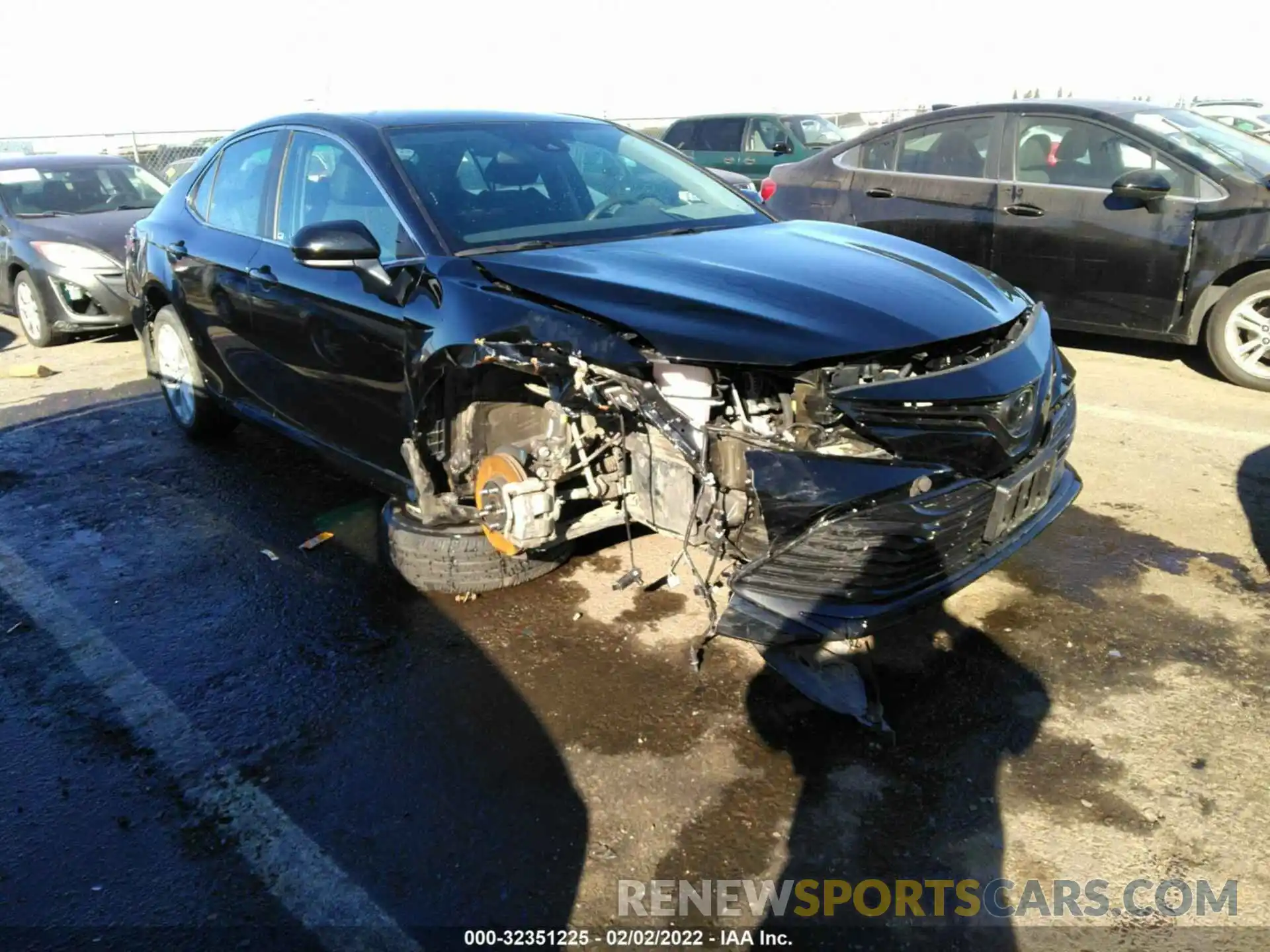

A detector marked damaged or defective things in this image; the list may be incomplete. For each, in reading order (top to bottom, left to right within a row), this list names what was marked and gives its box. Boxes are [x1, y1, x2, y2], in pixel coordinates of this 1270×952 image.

detached front wheel [1204, 274, 1270, 393]
black damaged sedan [126, 111, 1081, 721]
detached front wheel [378, 500, 573, 596]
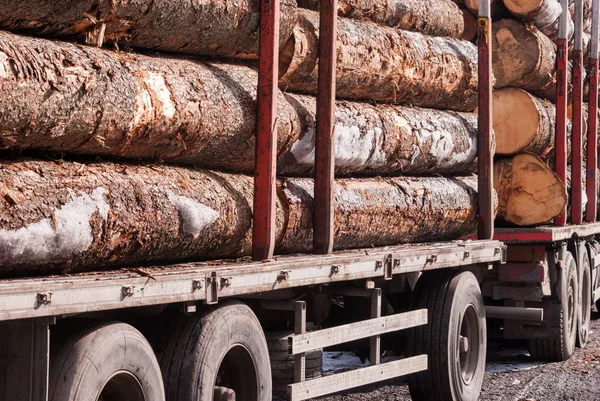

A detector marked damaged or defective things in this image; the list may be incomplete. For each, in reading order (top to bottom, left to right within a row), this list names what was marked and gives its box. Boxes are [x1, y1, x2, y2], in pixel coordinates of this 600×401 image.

rusty metal post [253, 0, 282, 260]
rusty metal post [314, 0, 338, 253]
rusty metal post [476, 0, 494, 239]
rusty metal post [568, 0, 584, 223]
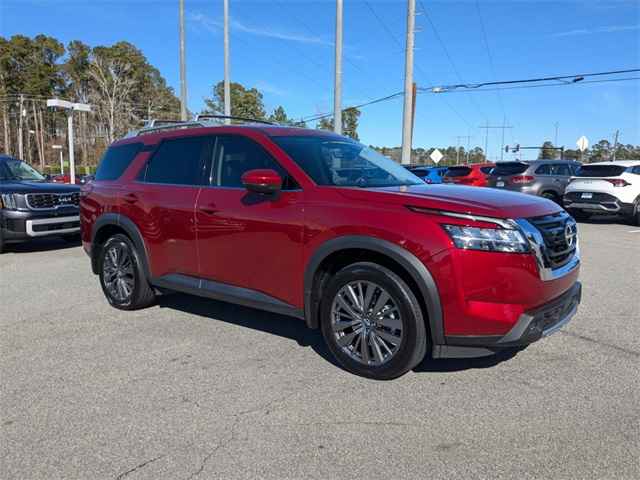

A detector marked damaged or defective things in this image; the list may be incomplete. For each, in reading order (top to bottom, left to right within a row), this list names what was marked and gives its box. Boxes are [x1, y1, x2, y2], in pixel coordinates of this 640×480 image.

pavement crack [560, 330, 640, 356]
pavement crack [115, 454, 165, 480]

- **Task description**:
Transcribe all of the lines above exactly as given. The pictures stay out.

- **Problem solution**:
A detector marked damaged or defective things in this image; the list may be incomplete. For each, in reading order (top to bottom, left to right within a row), this list names what was marked and gives its box. Boxes are [x1, y1, x2, y2], in pixel coordinates of this 1270×952 image.

detached front wheel [1204, 274, 1270, 393]
black damaged sedan [126, 111, 1081, 721]
detached front wheel [378, 500, 573, 596]

A detector marked damaged or defective things in this image; the list may be incomplete. For each, in reading order (top to bottom, left to right within a row), this list names what was marked and gives its box. Boxes are [x1, y1, x2, y2], in pixel coordinates of this 600×401 image.

rusty metal post [253, 0, 282, 260]
rusty metal post [314, 0, 338, 253]
rusty metal post [476, 0, 494, 239]
rusty metal post [568, 0, 584, 223]

A detector marked damaged or defective things in this image; the list may be incomplete. For each, in reading order (top to bottom, left to right within a row), this list names what was marked and gives its box. Boxes are [x1, y1, x2, y2], in pixel coordinates of this 640×480 image.

pavement crack [560, 330, 640, 356]
pavement crack [115, 454, 165, 480]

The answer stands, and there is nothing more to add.